#### Brief
Return the data below exactly, please, but drop the pictures.
(Record extracts begins)
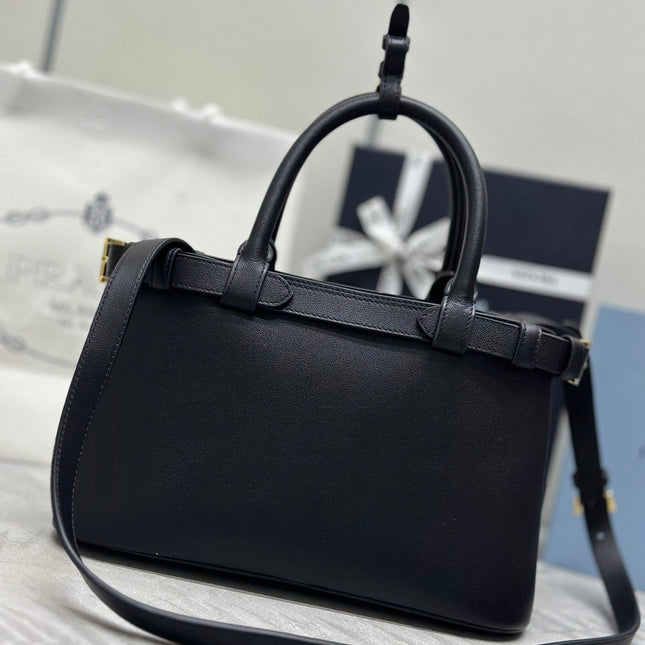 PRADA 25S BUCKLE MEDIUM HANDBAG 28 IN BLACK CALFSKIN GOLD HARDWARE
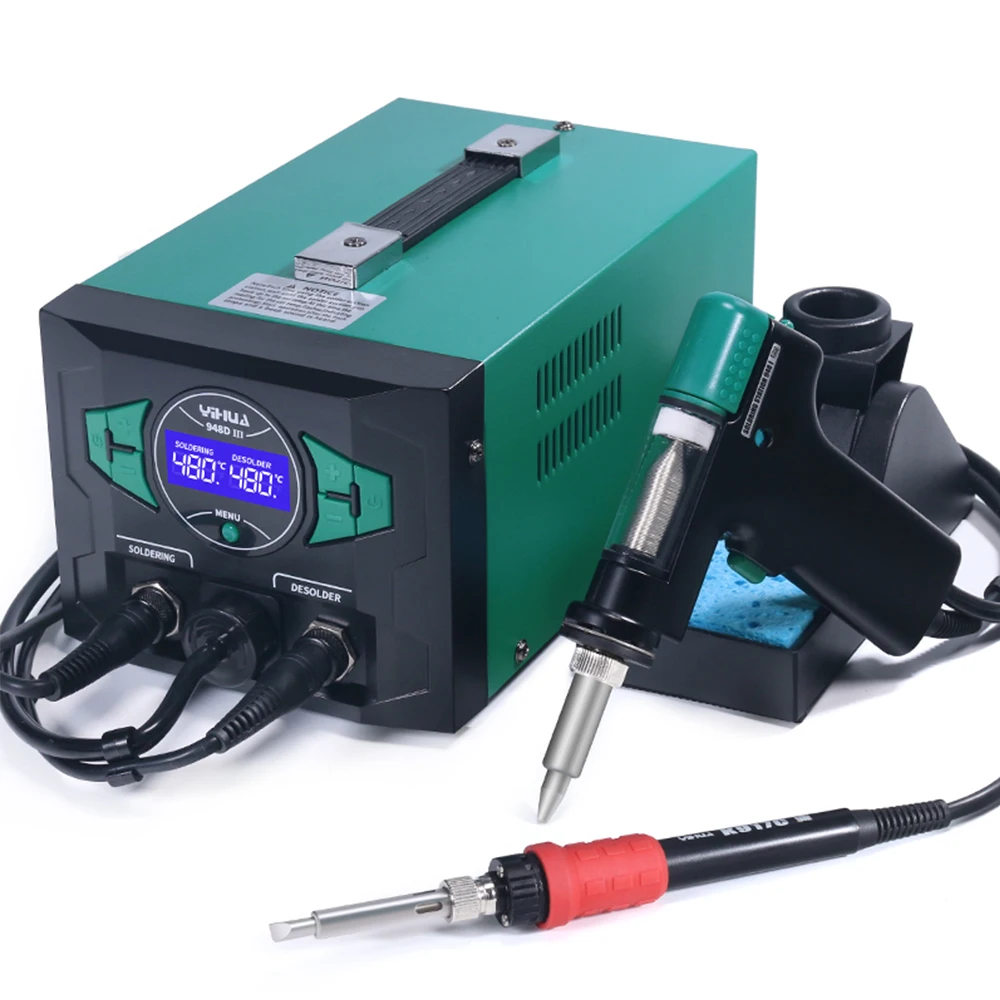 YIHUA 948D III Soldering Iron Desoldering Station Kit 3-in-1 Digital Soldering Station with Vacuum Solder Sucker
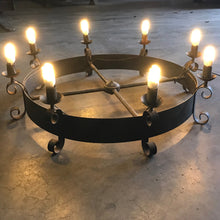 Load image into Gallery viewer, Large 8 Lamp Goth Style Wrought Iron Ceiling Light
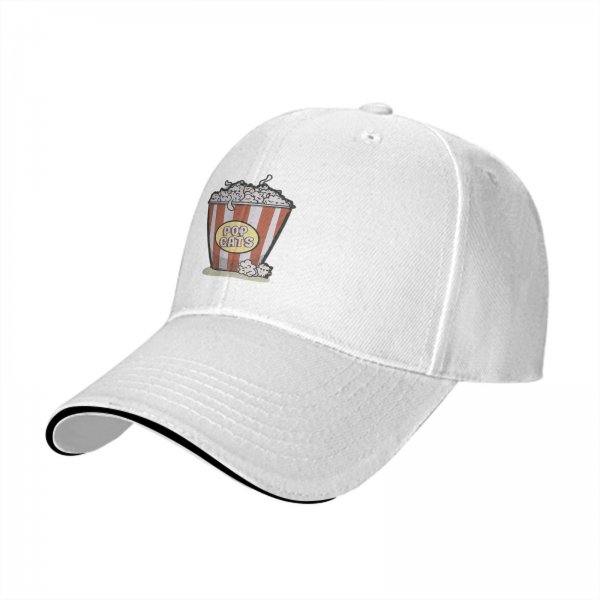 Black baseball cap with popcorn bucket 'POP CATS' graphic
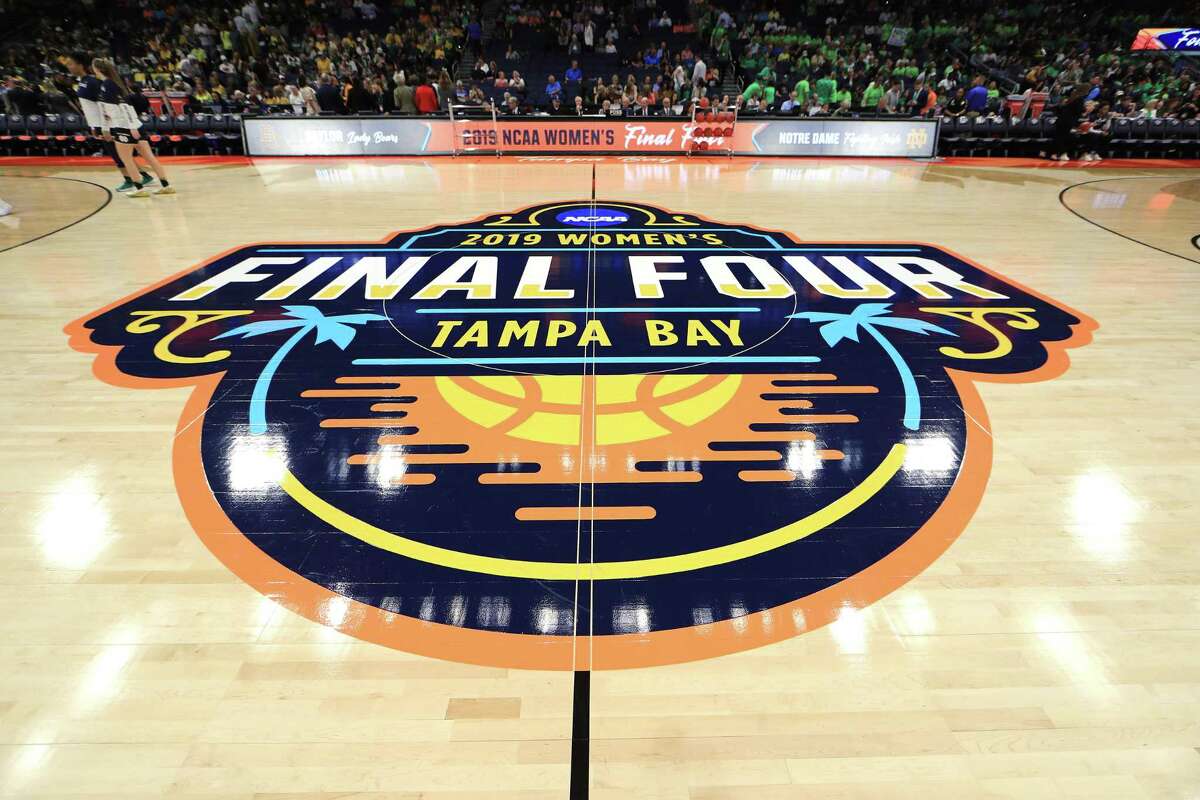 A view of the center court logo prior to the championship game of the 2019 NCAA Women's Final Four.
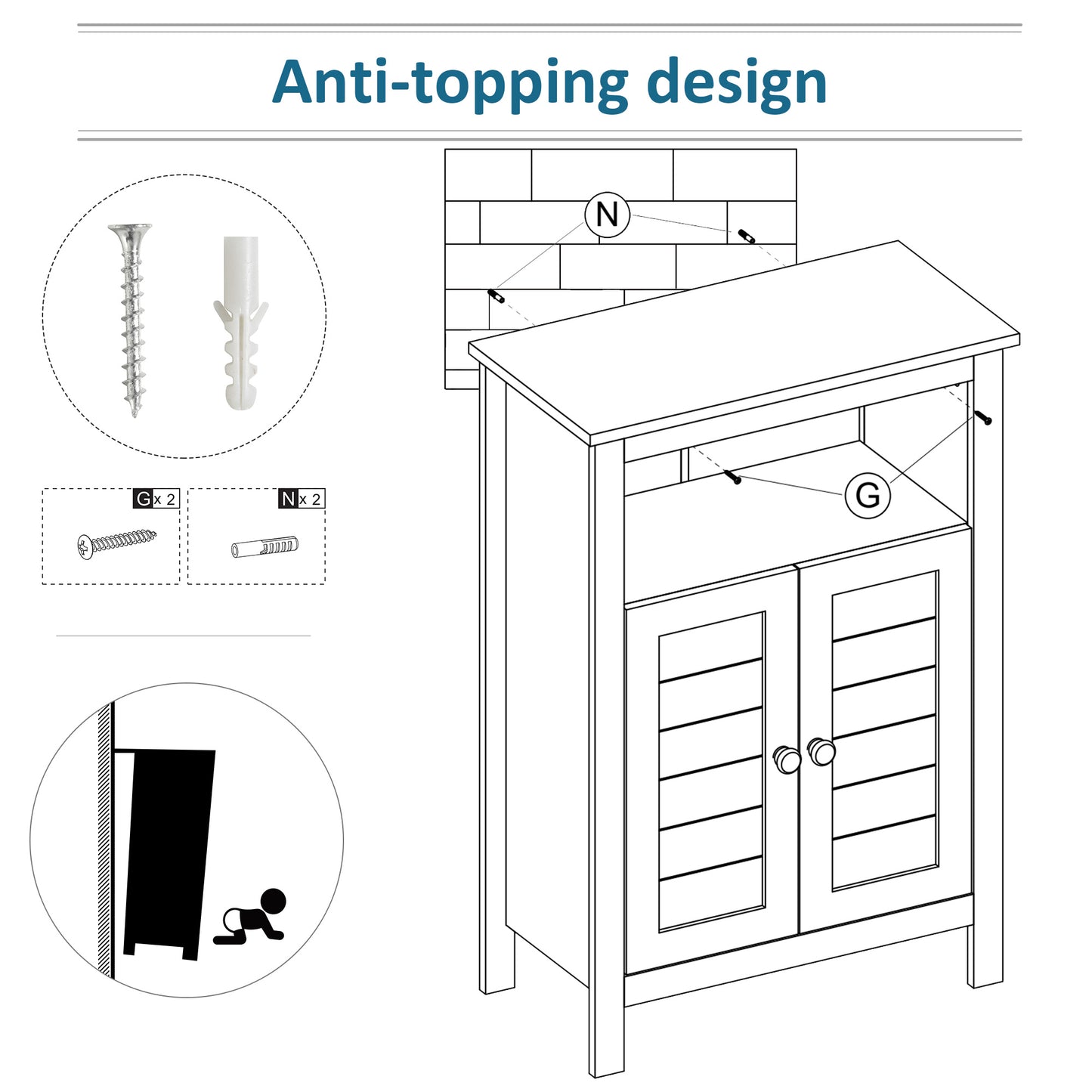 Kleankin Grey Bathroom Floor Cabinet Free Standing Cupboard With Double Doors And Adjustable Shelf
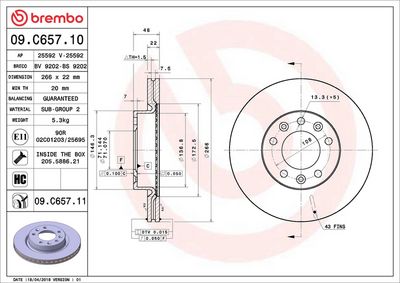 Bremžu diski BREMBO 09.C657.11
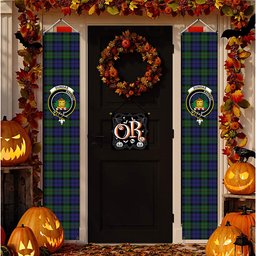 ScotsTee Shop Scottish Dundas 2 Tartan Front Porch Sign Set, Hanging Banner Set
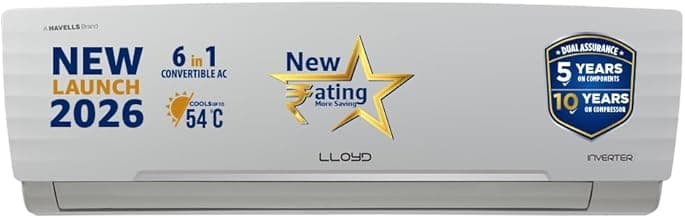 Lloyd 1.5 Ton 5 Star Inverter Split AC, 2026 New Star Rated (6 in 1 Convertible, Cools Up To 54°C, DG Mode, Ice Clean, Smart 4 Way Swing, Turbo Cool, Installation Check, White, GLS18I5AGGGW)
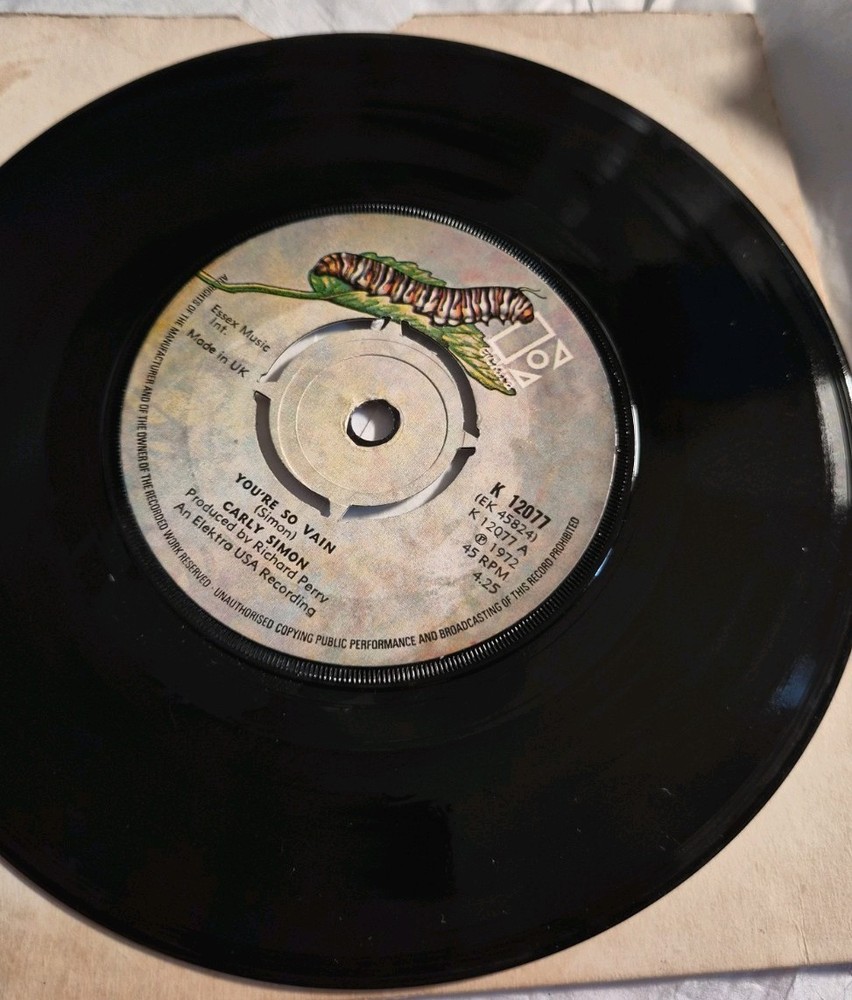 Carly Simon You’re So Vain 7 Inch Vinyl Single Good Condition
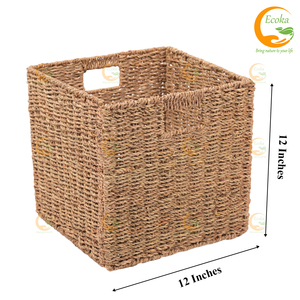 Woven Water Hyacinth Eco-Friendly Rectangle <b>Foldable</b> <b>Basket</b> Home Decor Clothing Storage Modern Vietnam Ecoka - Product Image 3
(Record extracts ends)
#### Reply
 PRADA 25S BUCKLE MEDIUM HANDBAG 28 IN BLACK CALFSKIN GOLD HARDWARE
 YIHUA 948D III Soldering Iron Desoldering Station Kit 3-in-1 Digital Soldering Station with Vacuum Solder Sucker
 Load image into Gallery viewer, Large 8 Lamp Goth Style Wrought Iron Ceiling Light
 Black baseball cap with popcorn bucket 'POP CATS' graphic
 A view of the center court logo prior to the championship game of the 2019 NCAA Women's Final Four.
 Kleankin Grey Bathroom Floor Cabinet Free Standing Cupboard With Double Doors And Adjustable Shelf
 Bremžu diski BREMBO 09.C657.11
 ScotsTee Shop Scottish Dundas 2 Tartan Front Porch Sign Set, Hanging Banner Set
 Lloyd 1.5 Ton 5 Star Inverter Split AC, 2026 New Star Rated (6 in 1 Convertible, Cools Up To 54°C, DG Mode, Ice Clean, Smart 4 Way Swing, Turbo Cool, Installation Check, White, GLS18I5AGGGW)
 Carly Simon You’re So Vain 7 Inch Vinyl Single Good Condition
 Woven Water Hyacinth Eco-Friendly Rectangle <b>Foldable</b> <b>Basket</b> Home Decor Clothing Storage Modern Vietnam Ecoka - Product Image 3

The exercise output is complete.